This was the preface to a case I put forward on ‘graduates versus apprentices’ at a recent event attended by graduate recruiters.

Employers seem to think there is a big difference between hiring graduates and hiring apprentices, but having looked at the evidence, I don’t think there needs to be.

The hiring and training costs associated are similar, and although it might be easier to market to graduates, their salary expectations are likely to be higher, with more competition for graduates, so this balances out.

What most employers cite as a reason to hire graduates is their ‘long-term potential’ but realistically, how many graduates stay in a company long enough to fulfil this potential?

An interesting test for employers would be to consider whether the word ‘graduate’ could be dropped from a job description altogether; if an English graduate and a Maths graduate could be considered for the same role, then is a degree needed at all? I’m not suggesting that hiring graduates is a bad thing, but it is a finite and overfished pool, and many ‘graduate’ jobs simply do not need the skills learnt on degree courses anymore.

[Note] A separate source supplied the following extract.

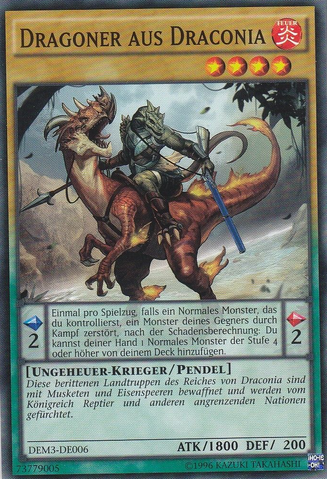 File:DragoonsofDraconia-DEM3-DE-C-UE.png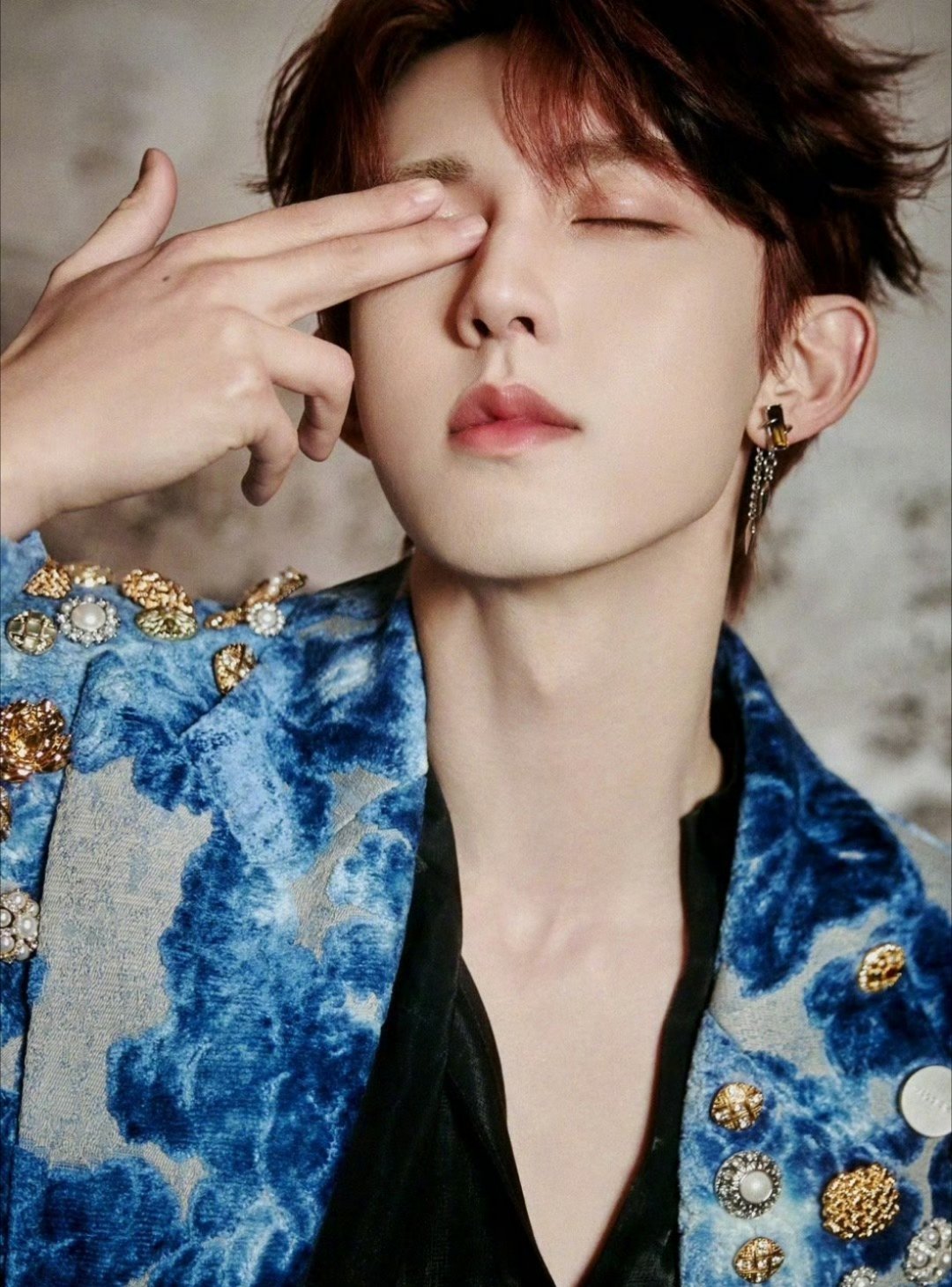 郭俊辰演出顺利啊哥，有考虑过开第二场吗！！！我们期待哦～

The imperative is even stronger when we consider ‘skills shortage’ professions such as engineering. It’s been hard to recruit in this area for decades, but it’s going to get worse. The age profile of chartered engineers shows a large proportion approaching retirement, but there have been no significant increases at the graduate end. This shortage will inevitably lead to pay rises, unfilled jobs and manpower headaches unless companies start planning for it now.

With this in mind, I believe now is the right time to rethink the way that young people are hired. It might be beneficial to look at their recruitment in terms of ‘skilled hires’ for example, graduates with specific skills or lateral hires, and then ‘unskilled hires’, whatever their age or educational level.

With university fees rising, there is likely to be an increased interest in alternatives to university such as apprenticeships. However, many young people will push themselves into higher education simply because it is what they think should do to appeal to recruiters, and so the cycle continues.

Clearly there are a number of questions for employers to think through and the answers are likely to be different dependent on the sector and company, but it must be time for recruiters to broaden their horizons.

Maybe the most attractive employers of the future will be those who offer a viable, exciting alternative to university which can take them all the way to the boardroom, rather than those who insist on the university experience itself.